Abraham Lincoln, one of the most revered Presidents in American history, is well known across the globe for many things. From poverty to the presidency, the self-educated and self-taught lawyer is the author of the Emancipation Proclamation and the Gettysburg Address. His skill in steering the country through four-years of bloody Civil War, preserving the Union, and signing the 13th Amendment (freeing African-Americans forever in America) ranks right up there too.
However, here are some much lesser known facts about the 16th President you may not be aware of.
Lincoln was just nine years old when his mother, Nancy Hanks Lincoln, died of what settlers called the “milk-sick.” It was later discovered that the milk she drank was tainted after cows digested the “poisonous white snakeroot.” Lincoln also had an older brother, Thomas, who died in infancy, and an older sister, Sarah, who died giving birth to a stillborn baby.

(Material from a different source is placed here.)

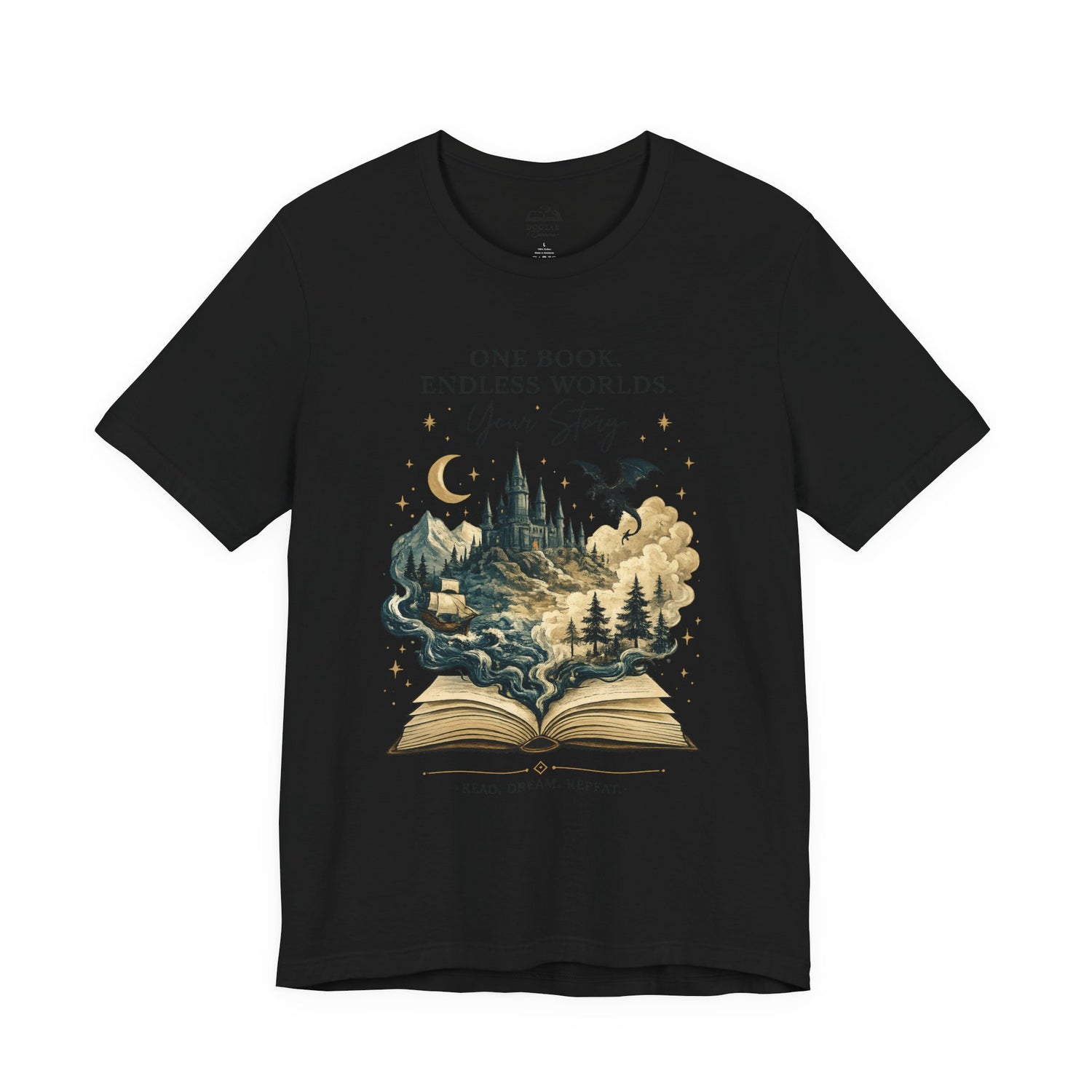 One Book. Endless Worlds | Original Fantasy Book Lover Graphic Tee | Fantasy Reader Shirt | Dragon Book Tee | Literary Gift - Dogear Dreams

Lincoln’s home, located at the corner of Eighth and Jackson Streets in Springfield, Illinois, is the only home he ever owned. He bought it for $1,500 in 1844. After his assassination in 1865, his son Robert Todd Lincoln eventually sold the home to the state of Illinois for one dollar with two stipulations: never charge anyone to tour the home and take good care of it. It eventually became a National Park in 1972, one of only two National Parks in Illinois. Tours, which attract at the very least 350,000 visitors annually, are still free of charge.
Lincoln, who lived the majority of his life clean-shaven, began growing a beard just a few months before he left for the White House. His decision to grow facial hair began with 11-year-old Grace Bedell of Westfield, New York, who sent Lincoln a letter in October of 1860 suggesting he “would look a great deal better” because “all the ladies like whiskers and they would tease their husbands to vote for you and then you would be President.” Lincoln arrived in Washington in February of 1861 as the first U.S. President with a beard.
In Lincoln’s day, anyone could walk into the White House unattended and sit in one of two waiting rooms to speak to the President. Lincoln, in the face of great criticism, reserved time twice each week to meet with the general public to listen to their grievances. “I tell you that I call these receptions my ‘public opinion baths,’” Lincoln said.
Lincoln, who once rescued a squealing pig in knee-keep mud, indulged in his youngest children – Willie and Thomas “Tad” Lincoln – and allowed them to have two pet goats (Nanny and Nanko) that roamed freely in the White House, or the Executive Mansion as it was known back then. Lincoln was fond of animals in general and had a weakness for stray cats, which he regularly brought home.
Lincoln loved thunderstorms, and despite being advised against it, would sneak off by himself and roam the streets of Washington while the skies overhead poured down with rain through flashes of lightning and claps of thunder.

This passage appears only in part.